Free implementation of counting user sessions from the web server log?

Web server log analyzers (such as Urchin) often display multiple “sessions”. A session is defined as a series of page visits / clicks made by a person in a limited continuous time segment. An attempt is made to identify these segments using IP addresses and often supplement information such as the user agent and OS and the session timeout threshold, for example, 15 or 30 minutes.

For certain websites and applications, the user can be registered and / or tracked using a cookie, which means that the server can know exactly when the session starts. I'm not talking about this, but about getting sessions heuristically (" session reconstruction ") when the web server does not track them.

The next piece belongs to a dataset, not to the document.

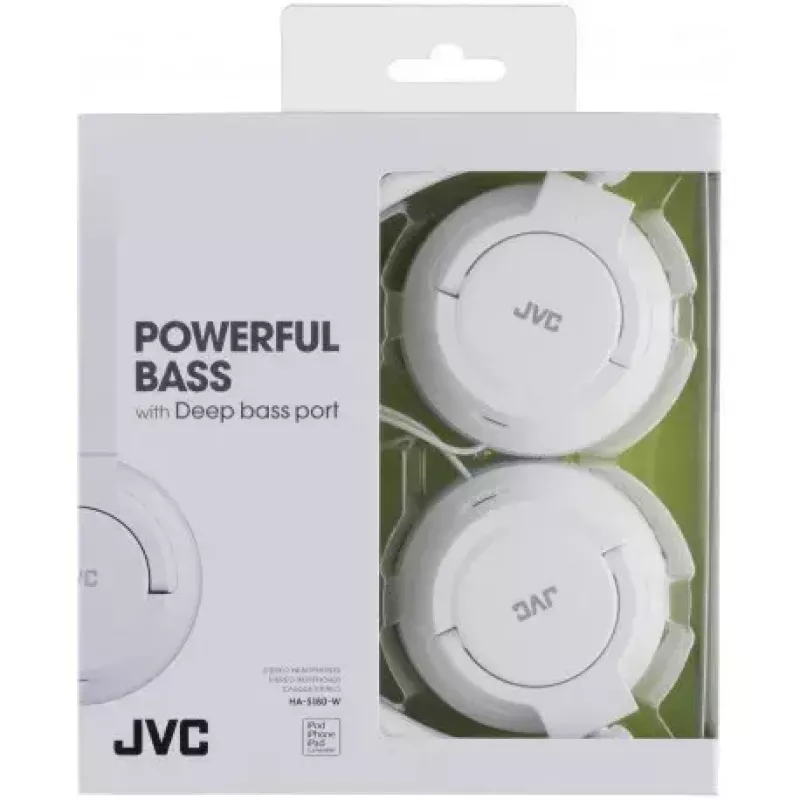 JVC HA-S180-W-E ausinės / ausinės su mikrofonu Laidinės Ant galvos Muzika Balta
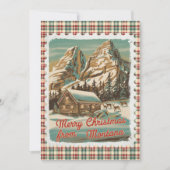 Salutations de Noël de la carte de vacances Montan (Devant)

I could write some code, for example. in Python to try to restore sessions based on the criteria mentioned above, but I would not reinvent the wheel. I am looking at log files of about 400 thousand lines, so I have to be careful to use a scalable algorithm.

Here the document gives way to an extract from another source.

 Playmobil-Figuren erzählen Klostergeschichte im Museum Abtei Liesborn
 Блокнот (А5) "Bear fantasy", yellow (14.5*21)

My goal is to extract a list of unique IP addresses from the log file and for each IP address so that the number of sessions is deduced from this log. Absolute accuracy and precision are not needed ... pretty good grades are in order.

Based on this description :

a new request is placed in an existing one if two conditions apply:

  • The IP address and user agent match the requests already inserted into the session,
  • the request is executed less than fifteen minutes after the last request is inserted.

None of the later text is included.